Further, payment processors are independent companies in a highly concentrated industry. Presently, the top three payment processors control the majority of payment processing in the United States. Further, these payment processors have formed strategic alliances with specific payment service providers, who may seek to influence and/or restrict the addition of new and valuable payment alternatives to the processor's API. This further raises the cost and slows the implementation cycle for new payment options.

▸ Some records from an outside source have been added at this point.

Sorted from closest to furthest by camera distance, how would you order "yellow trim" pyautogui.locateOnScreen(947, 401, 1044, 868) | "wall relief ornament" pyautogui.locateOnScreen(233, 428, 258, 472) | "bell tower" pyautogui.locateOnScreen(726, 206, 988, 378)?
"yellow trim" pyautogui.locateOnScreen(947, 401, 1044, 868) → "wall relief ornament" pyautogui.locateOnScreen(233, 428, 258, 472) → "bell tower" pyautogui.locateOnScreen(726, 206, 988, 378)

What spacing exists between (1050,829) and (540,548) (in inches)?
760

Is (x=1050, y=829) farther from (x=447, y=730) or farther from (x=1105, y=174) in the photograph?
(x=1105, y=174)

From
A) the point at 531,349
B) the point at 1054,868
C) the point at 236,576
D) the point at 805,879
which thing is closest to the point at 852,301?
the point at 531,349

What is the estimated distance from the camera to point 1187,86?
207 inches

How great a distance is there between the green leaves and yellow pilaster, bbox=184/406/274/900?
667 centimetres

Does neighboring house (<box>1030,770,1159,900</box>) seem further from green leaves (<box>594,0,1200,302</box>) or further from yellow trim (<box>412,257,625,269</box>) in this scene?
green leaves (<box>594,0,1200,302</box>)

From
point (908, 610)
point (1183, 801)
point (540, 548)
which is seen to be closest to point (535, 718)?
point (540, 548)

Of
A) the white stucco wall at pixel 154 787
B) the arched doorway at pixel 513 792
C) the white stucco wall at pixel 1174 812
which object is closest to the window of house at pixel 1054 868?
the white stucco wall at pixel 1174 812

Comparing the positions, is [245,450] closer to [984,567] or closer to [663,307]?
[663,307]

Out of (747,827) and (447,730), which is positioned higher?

Yet another drawback to online commerce arises from the distributed nature of these electronic transactions, with the merchants likened to spokes around a hub, which is the network credit system. Such a distributed checkout service creates many unmanageable security risks. If all sales occur at the payment process or banking system, certain confidential information is collected at the spokes (merchants) to complete the transaction. This information distribution creates unnecessary risk to the hub. If the information is collected directly at the hub (credit issuer) location, the customer is redirected to the hub from the spoke, which may be undesirable to the merchant. For example, if the hub is the data repository, the merchant often does not trust that the hub will not use consumer to their own ends. In addition, the hub-centric approach often leads to access problems, processing capacity issues, possible offers of other competing goods, etc., which makes this approach undesirable.